Bien qu’il y ait une évolution notable dans la lutte contre les MGF, les pays africains doivent encore fournir des efforts. Il est nécessaire que le dispositif légal soit uni à une intense coopération entre tous les acteurs de la société en vue du changement de mentalité et l’accompagnement des femmes et filles qui les ont subies. Claudia Cappa, spécialiste en Statistiques à l’Unicef, déclarait à ce propos: « Interdire les MGF ne signifie pas les éradiquer. Si la loi n’est pas assortie des programmes d’accompagnement visant à changer les mentalités, elle est inefficace».
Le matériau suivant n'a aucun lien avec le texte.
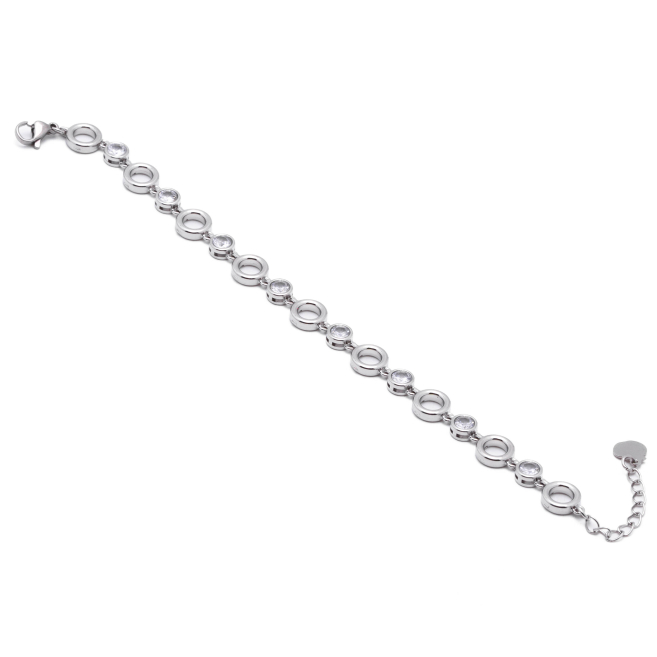 PULSERA ZO12790B Plateado Acero Inoxidable -2B22 2B22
Le rôle de l’éducation et des médias
En 2012, l’Assemblée Générale des Nations Unies avait institué le 6 février, Journée Mondiale de lutte contre les MGF afin d’intensifier l’action mondiale pour les éliminer. Mais l’application des lois se heurte souvent à la réticence de certaines familles et groupes ethniques, religieux, etc., qui font pression pour maintenir ces pratiques.
L’éducation a un rôle essentiel à jouer dans ce domaine pour que la nouvelle génération d’hommes et de femmes rompe complètement avec ces pratiques traditionnelles, qui constituent une source des souffrances physiques, psychologiques et sociales pour la femme. Aussi, les moyens de communication doivent-ils sensibiliser les populations sur les conséquences des MGF et promouvoir des actions qui visent à accompagner les victimes de cette pratique dangereuse et obsolète. En effet, aucune forme de mutilation sexuelle féminine n’a sa raison d’être. Par conséquent, elle ne doit pas être pratiquée au nom ni de la tradition, ni de la religion, ni de la santé.